Prediction of protein secondary structure from CD spectra

We have applied a Kohonen self-organising map for the classification of circular dichroism spectra of proteins of known three dimensional structure. The optimization of the parameters of the network [1] gave maps where the spectra were clearly ordered in function of the protein contents on secondary structure (helix, sheet and random conformations).

The maps were evaluated in order to assign values of percentages of secondary structure to each of the neurons of the network [2]. Then the maps can be used for prediction of percentages of secondary structure using spectra of proteins with unknown three dimensional structure. Different methods of evaluation were tested in order to find the one with best accuracy. The method gives an indication of the accuracy of each individual prediction. The program itself and information about its use was available at the k2d site between 2000 and 2014.

In 2008 we updated the method (K2D2; [3]) to use an alternative CD range, and, most importantly, to consider other protein spectra published in the meantime. In 2011 we developed an alternative method (K2D3; [4]) that takes advantage of the possibility of deriving theoretical CD spectra from known protein structures to generate a large training dataset. This method improves performance in the 200-240 nm range, especially for the prediction of beta-strand content.

References

[1] Merelo, J.J., M.A. Andrade, A. Prieto and F. Morán. 1994. Proteinotopic Feature Maps. Neurocomputing. 6, 443-454.
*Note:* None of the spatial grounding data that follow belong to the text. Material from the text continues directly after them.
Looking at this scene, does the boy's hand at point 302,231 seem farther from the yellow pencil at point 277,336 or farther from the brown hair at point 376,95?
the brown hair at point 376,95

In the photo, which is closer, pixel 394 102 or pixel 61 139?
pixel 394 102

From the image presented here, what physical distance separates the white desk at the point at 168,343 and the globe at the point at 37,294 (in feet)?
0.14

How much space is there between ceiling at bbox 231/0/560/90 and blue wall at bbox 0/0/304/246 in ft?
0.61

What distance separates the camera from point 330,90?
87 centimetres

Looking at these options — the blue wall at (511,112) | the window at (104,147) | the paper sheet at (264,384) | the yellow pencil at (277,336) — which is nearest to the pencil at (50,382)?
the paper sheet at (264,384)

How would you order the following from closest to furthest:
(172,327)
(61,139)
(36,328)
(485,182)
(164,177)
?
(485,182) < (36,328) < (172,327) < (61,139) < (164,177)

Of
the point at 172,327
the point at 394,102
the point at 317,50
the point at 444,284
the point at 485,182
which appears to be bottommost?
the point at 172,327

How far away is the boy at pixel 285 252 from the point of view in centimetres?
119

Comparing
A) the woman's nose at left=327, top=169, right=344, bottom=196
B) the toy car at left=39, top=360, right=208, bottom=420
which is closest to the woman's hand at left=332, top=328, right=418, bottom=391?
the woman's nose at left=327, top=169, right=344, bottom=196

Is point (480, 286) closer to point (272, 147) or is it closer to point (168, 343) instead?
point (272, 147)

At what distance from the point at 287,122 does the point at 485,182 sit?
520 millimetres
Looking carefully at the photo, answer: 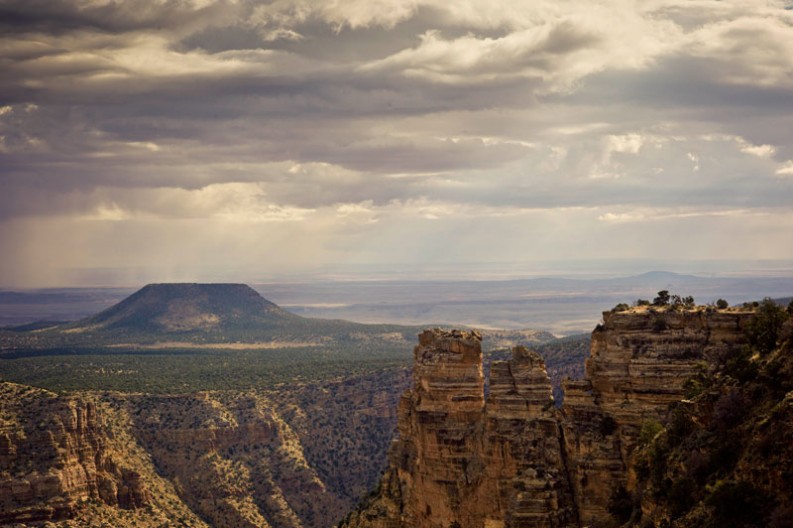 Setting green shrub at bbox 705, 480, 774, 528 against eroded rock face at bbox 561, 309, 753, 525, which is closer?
green shrub at bbox 705, 480, 774, 528

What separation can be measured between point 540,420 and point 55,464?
2581 inches

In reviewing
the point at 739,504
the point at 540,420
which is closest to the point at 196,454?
the point at 540,420

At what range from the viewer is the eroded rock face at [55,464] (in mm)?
108062

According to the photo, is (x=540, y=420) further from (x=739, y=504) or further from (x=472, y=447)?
(x=739, y=504)

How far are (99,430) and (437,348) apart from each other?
63180 mm

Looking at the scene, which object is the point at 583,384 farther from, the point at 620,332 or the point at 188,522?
the point at 188,522

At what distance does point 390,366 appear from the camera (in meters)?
158

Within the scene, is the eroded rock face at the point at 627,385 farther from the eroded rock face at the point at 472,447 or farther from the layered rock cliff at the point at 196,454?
the layered rock cliff at the point at 196,454

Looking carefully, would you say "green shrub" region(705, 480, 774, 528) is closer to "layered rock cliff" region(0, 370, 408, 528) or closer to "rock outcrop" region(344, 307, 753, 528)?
"rock outcrop" region(344, 307, 753, 528)

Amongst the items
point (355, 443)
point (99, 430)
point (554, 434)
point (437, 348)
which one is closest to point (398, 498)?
point (437, 348)

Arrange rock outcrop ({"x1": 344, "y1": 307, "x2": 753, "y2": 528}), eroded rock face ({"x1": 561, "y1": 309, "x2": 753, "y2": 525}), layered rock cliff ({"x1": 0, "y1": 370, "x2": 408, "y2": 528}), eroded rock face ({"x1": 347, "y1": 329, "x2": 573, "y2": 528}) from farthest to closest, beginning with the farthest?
1. layered rock cliff ({"x1": 0, "y1": 370, "x2": 408, "y2": 528})
2. eroded rock face ({"x1": 347, "y1": 329, "x2": 573, "y2": 528})
3. rock outcrop ({"x1": 344, "y1": 307, "x2": 753, "y2": 528})
4. eroded rock face ({"x1": 561, "y1": 309, "x2": 753, "y2": 525})

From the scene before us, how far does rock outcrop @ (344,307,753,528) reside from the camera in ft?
181

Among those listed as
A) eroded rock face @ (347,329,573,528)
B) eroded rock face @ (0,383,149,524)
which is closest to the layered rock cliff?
eroded rock face @ (0,383,149,524)

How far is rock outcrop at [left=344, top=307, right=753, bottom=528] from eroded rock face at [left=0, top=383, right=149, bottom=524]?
51128mm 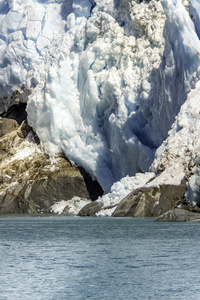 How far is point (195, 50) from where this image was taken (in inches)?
1238

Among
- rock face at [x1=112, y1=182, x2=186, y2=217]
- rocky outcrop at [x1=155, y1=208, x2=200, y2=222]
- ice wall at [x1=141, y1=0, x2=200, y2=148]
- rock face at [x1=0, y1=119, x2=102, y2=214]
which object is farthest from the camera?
rock face at [x1=0, y1=119, x2=102, y2=214]

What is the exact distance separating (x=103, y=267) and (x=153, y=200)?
15099mm

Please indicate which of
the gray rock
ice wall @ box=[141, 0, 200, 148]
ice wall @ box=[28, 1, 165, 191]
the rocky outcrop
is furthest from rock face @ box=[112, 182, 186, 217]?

[2] Andrade, M.A., P. Chacón, J.J. Merelo and F. Morán. 1993. Evaluation of secondary structure of proteins from UV circular dichroism using an unsupervised learning neural network. Prot. Eng. 6, 383-390.

[3] Perez-Iratxeta, C. and M.A. Andrade-Navarro. 2008. K2D2: Estimation of protein secondary structure from CD spectra. BMC Structural Biology. 8, 25.

[4] Louis-Jeune C., M.A. Andrade-Navarro and C. Perez-Iratxeta. 2011. Prediction of protein secondary structure from circular dichroism using theoretically derived spectra. Proteins. 80, 374-381.